# ABOUT THIS TASK:
Please give an exact transcription of the lines below, from the one that contains "Spotted Sandpiper - ML638551268" to the very last, with no other lines.

---------- ENTRIES SUPPLIED ----------

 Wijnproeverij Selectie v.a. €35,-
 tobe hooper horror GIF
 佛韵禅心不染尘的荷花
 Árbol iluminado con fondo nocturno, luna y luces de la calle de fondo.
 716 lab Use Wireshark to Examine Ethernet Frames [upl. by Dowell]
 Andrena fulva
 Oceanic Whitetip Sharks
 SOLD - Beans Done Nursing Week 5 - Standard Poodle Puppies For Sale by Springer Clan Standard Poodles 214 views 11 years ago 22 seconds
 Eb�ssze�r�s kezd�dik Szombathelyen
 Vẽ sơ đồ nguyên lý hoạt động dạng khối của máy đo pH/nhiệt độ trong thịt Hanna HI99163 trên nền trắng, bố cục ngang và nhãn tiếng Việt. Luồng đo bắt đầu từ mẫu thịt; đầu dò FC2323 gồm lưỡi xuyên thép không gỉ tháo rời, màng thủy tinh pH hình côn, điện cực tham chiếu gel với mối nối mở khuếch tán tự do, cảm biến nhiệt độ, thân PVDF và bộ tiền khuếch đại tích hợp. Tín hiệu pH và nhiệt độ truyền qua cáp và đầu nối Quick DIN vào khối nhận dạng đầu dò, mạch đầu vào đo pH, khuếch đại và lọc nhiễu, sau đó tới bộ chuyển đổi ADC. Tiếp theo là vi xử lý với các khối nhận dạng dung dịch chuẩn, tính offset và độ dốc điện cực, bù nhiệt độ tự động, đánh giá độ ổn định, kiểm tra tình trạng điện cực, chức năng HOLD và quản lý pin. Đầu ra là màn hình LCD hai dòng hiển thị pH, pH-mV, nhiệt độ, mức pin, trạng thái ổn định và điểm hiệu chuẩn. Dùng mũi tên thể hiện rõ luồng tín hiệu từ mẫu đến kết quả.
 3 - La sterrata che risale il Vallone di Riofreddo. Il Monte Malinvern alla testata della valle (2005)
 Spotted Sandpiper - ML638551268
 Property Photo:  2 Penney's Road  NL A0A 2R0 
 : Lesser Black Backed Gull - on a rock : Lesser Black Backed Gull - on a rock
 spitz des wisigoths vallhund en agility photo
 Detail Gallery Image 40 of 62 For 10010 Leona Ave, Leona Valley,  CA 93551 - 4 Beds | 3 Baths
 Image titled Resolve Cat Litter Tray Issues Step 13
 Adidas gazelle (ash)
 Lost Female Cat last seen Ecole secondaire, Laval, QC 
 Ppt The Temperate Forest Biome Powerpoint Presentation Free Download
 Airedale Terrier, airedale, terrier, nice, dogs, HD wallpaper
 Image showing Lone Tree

----------

# OUTPUT OF THE EXERCISE:
 Spotted Sandpiper - ML638551268
 Property Photo:  2 Penney's Road  NL A0A 2R0 
 : Lesser Black Backed Gull - on a rock : Lesser Black Backed Gull - on a rock
 spitz des wisigoths vallhund en agility photo
 Detail Gallery Image 40 of 62 For 10010 Leona Ave, Leona Valley,  CA 93551 - 4 Beds | 3 Baths
 Image titled Resolve Cat Litter Tray Issues Step 13
 Adidas gazelle (ash)
 Lost Female Cat last seen Ecole secondaire, Laval, QC 
 Ppt The Temperate Forest Biome Powerpoint Presentation Free Download
 Airedale Terrier, airedale, terrier, nice, dogs, HD wallpaper
 Image showing Lone Tree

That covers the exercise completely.